Мы помолчали, из открытого окна полилась торжественная музыка, извещающая об окончании фильма, и я завозилась на лавочке, придумывая повод, чтобы встать и уйти.
– Уже поздно, – смущенно проговорила я, собираясь подняться.
– Может, тебе все-таки интересна история собственной семьи? – обиженно заметил Лев Рудь, почувствовав мое настроение.
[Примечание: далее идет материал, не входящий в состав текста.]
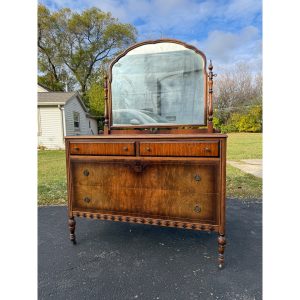 Vintage 1930s Art Deco Dresser w/ Mirror - Blackhawk Furniture Co.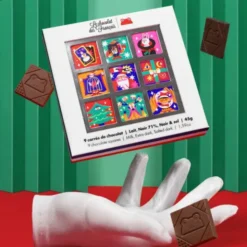 Schokoladen Geschenkbox WEIHNACHTEN 9 Stück Minis a 5g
Признаться, что слушать бредни больного человека я не слишком-то расположена, у меня не хватило духу, и я смиренно пробормотала:
– Очень интересна, рассказывай дальше.
– Да что там рассказывать, – махнул он рукой. – В ноябре девяносто второго года нейрохирурга Фишмана пригласили на конференцию в Израиль, и Макс решил показать мировой общественности меня в качестве подтверждения действенности своей методы. Выпустили нас, естественно, не одних – за нами присматривал капитан Жакетов. Он числился в лаборатории, но подчинялся непосредственно генералу Рудю – мой опекун к тому времени дослужился до генерала. Мы прилетели в Израиль, и в Тель-Авиве нейрохирург Фишман вдруг попросил политическое убежище. Мне он заявил, что еще раньше переговорил с израильскими коллегами и продал свое открытие одной мощной корпорации. Они заинтересовались не только Фишманом, но и мной как объектом исследования, поэтому выехать из страны я не смогу. Меня действительно не выпустили, и я остался в Израиле.
– Как же капитан Жакетов допустил такой конфуз? – недоверчиво усмехнулась я, страшно жалея, что бросила курить и не могу занять руки сигаретой, а голову – мыслями о вреде никотиновой зависимости.
– Жакетов ничего не мог поделать, он вернулся в Россию и был уволен из органов вместе с генералом, – невесело усмехнулся рассказчик. – Однако метод Фишмана не оправдал надежд покупателей – оказалось, что из десяти прооперированных выживал лишь один. Интерес ко мне быстро иссяк, и я оказался предоставлен самому себе. Мне удалось устроиться подсобным рабочим в кибуц[1 - Сельскохозяйственная коммуна в Израиле.], и, получив свои первые деньги, я сразу же позвонил Вере: тебе, Агата, как раз исполнилось четыре года, и я хотел поздравить с днем рождения свою любимую дочурку. И знаешь, что мне сказала твоя мать?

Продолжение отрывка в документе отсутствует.